Innovation \ ˌi-nə-ˈvā-shən \ noun : the introduction of something new (e.g. an idea, method, or device).
Over the last 30 years, the airline industry has adapted through consolidation and the popularity of low-cost carriers (LCCs). Simultaneously, the growth of technology in day-to-day society has led to countless new innovations disrupting the status quo around the world. However, despite the changes to the Airline industry and according to an Accenture report from 2016, "Most airlines believe the airline industry lags other industries when it comes to digital innovation".
This is a problem.
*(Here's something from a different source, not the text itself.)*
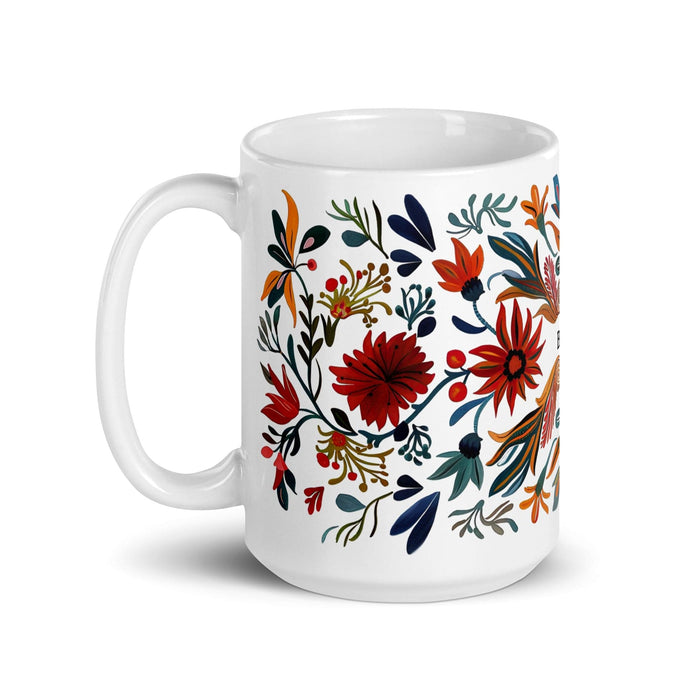 Bailey Exclusive Name Art Piece Home Office Work Coffee Mug Mexican Spanish Pride Gift Cup One-Of-A-Kind Calligraphy White Glossy Mug | B15 Mexicada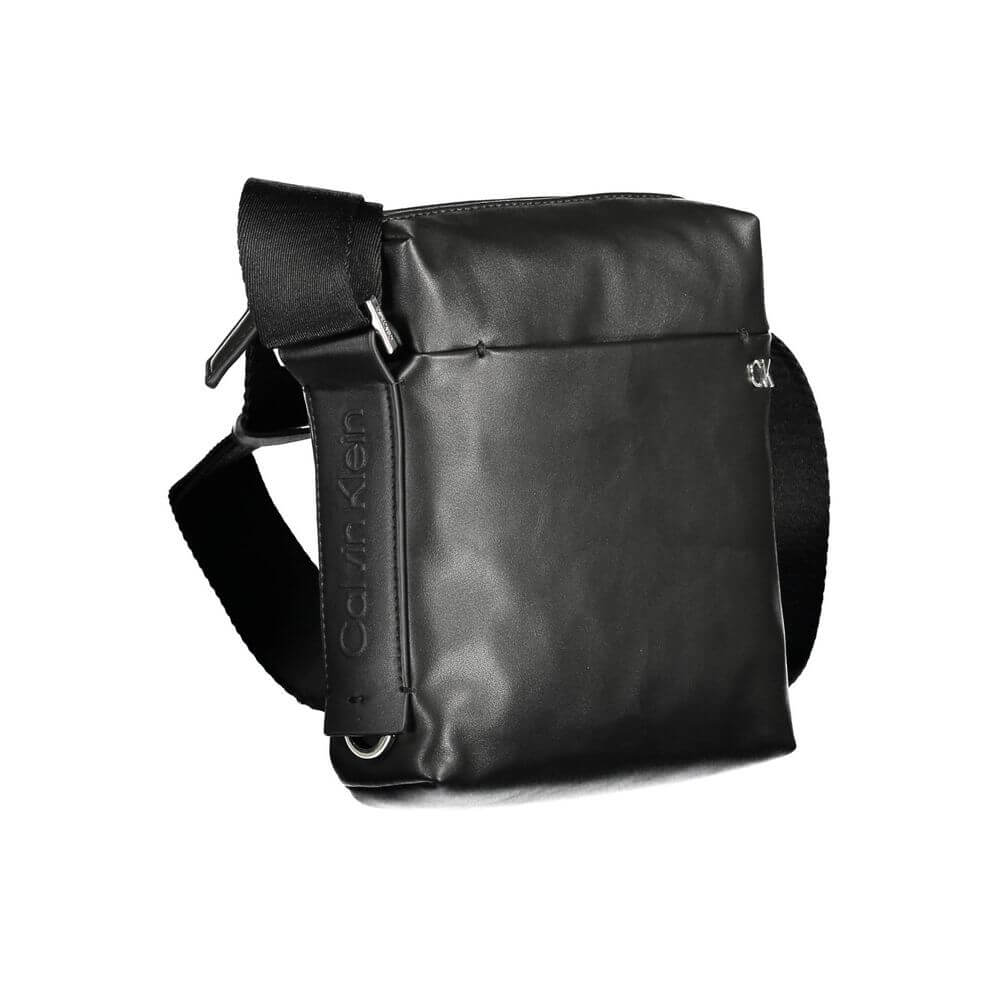 Calvin Klein Black Polyester Men Shoulder Bag $215.00 Calvin Klein Luzworld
How do airlines become innovation leaders rather than reacting to disruptive technologies? How do airlines create an innovation team that actually innovates?
Here are 3 lessons from our team:
- Failure is Necessary for True Innovation: In the Venture Capital industry, 80% - 90% of companies fail. This is the norm. Employing a system where it is OKAY to fail, but learning from failure is necessary for true innovation. Costco, AirBnB and FedEx were all failures at one point. They learned from their mistakes - change the business, focus on the people who matter most, and make calculated risks on new products - in order to succeed today.
- Less is Always More: There are stories of technology startups on the brink of failure - resource constrained - with limited time left. It is these stories that remind us of the quote by Carl von Clausewitz, "Two qualities are indispensable: first, an intellect that, even in the darkest hour, retains some glimmerings of the inner light which leads to truth; and second, the courage to follow this faint light wherever it may lead". To innovate, a team must use limited resources to make it work, optimizing for speed and data. Once it works, then you make it scalable. Finally, you make it beautiful.
- Roadblocks Kill Innovation: Lengthy RFP processes, detailed business cases, budgeting hurdles etc. - All of these are roadblocks that prevent healthy innovation. To avoid these roadblocks, set strict deadlines and move quickly, focus on the high level opportunity and key testing criteria, and provide innovating teams with real budgeting power.
In addition to the lessons learned by us, remember the agile manifesto:
- Individuals and Interactions over processes and tools
- Working Software over comprehensive documentation
- Customer Collaboration over contract negotiation
- Responding to Change over following a plan
When you think of your team - is this you? Is agile a reality or just an aspiration?